World of Warcraft: A quest into UX Design

By Ed Vinicombe on Jul 26th, 2016

Shortly after the release of World of Warcraft: The beginning, I was intrigued to play the infamous online Blizzard epic, WOW (World of Warcraft) to see what all the fuss was about.

I remember friends of mine playing this game years ago when it first came out in 2004. I barely saw those guys for about a year. Locked away in their bedrooms for months. At the time I wondered what on earth was so special that kept them playing this game!?

What is WOW?

WOW is an online MMORPG (Massively multiplayer online role playing game) where you create a character to level up through questing, raids, player vs player fights and more in the world of Azeroth!

Why was/is WOW so popular?

Having only experimented with the game it’s tough to be able to comment fully on why the game became so popular.

An obvious link is one of escapism for the player. The WOW is immersive, exciting and unbelievably expansive. Inside you are a different person and can live an alter ego almost.

The UX teardown

The most fascinating aspect of World of Warcraft is the user experience. It's an incredible way to learn UX design. Onboarding new users into the game can be both frustrating and incredibly inspirational.

Let’s take a look at some of the amazing ways WOW uses key principles of UX

Getting started (1/4)

Having searched Google for World of Warcraft the first thing I see is dedicated URL to get the user signed up quickly.

Getting Started   WoW.jpg

I love this!

“You were meant for this world” is a great pull on the users emotions and get’s them thinking that this is more than just a game - it’s an endless world of adventure and excitement.

The call to action is simple and immediately tells the user that it’s free to play.

Creating an account (2/4)

Battle.net Account.jpg

Next, we’re creating our account and the form is pretty lengthy.

Before you sign up, however, they drop in a great incentive for new users by informing them that you can level up to level 20 for free.

By the time the user reaches that level there is no argument that they are emotionaly invested into the game and you would be more likely to convert them.

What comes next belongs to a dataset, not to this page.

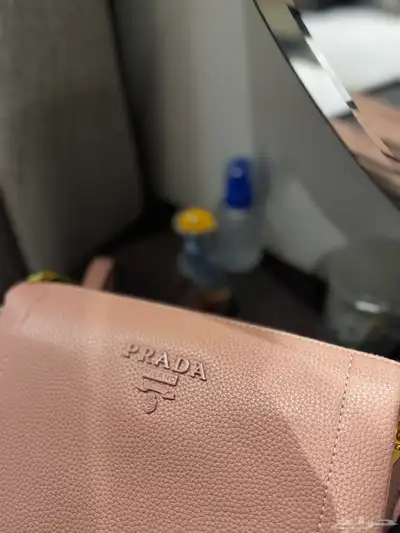 شنطة ماركة برادا جديده 3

The ol’ freemium gaming model at it’s very best.

No new ground breaking methods here but a great, simple and easy way for them to snare the users into the franchise.

Download it and start playing! (3/4)

Instead of a flat file download, WOW require that you download the Battle.net desktop app. This is where you will update all aspects of the game and spend money on virtual pets in the store (yes this really happens).

download.jpg

The download is roughly 40GB yet you are able to play once the download hits roughly 5GB-10Gb. The rest of the content downloads in game whilst you’re playing to not hold you up from your questing!

It’s nothing that hasn’t been done before but it’s a great way to get the user to where they can spend money and convert quicker.

Learning to play WOW (4/4) Getting to grips with the World of Warcraft UI can be tricky. Below is a screeny of the base UI that most users will encounter the first time they launch WOW. It's clean and quite easy to understand.

base-ui-wow-ux.jpg

There are numerous plugins and addons available to the user to help clear up the UI but for new players you get what you're given.

wow-ui-2.jpg

When physically playing the game it can be really hard to get to all the UI in time to do everything you want.

Playing WOW on your laptop is really hard. If you want to be able to get to everything quickly, you'll need a proper gaming keyboard and mouse.

Updating the game

This has probably got to be the worst part of the game.

The updates take the user hours to download and the experience can be extremely buggy and full of errors.

I had only been playing the game for a day or two and I needed to download a 52GB update.

Yikes!

Finding help and support from the community

For new users wanting to understand a little more about the game and connect with people in the community it doesn't come much better than WOW.

The community has been built over several years and there is a plethora of information available via their forum to the user to help guide them through the game.

WOW UX Takeaways

  1. Low barriers to entry (creating an account is easy!) help users get playing quicker.
  2. Clever use of hooks (using value/rewards) early on in the users experience with their character.
  3. Insane amount of UI overloads the users grasp on how to play the game and could put them off.
  4. Downloading patches and fixes can be an extremely long and painful task for the user.
  5. Incredible community support and gateways for the user to share their experiences.

Conclusion

I've always wanted to give WOW a try and I gotta say i'm impressed. It is pretty damn addictive!

Now it's your turn to be a part of the world of Azeroth!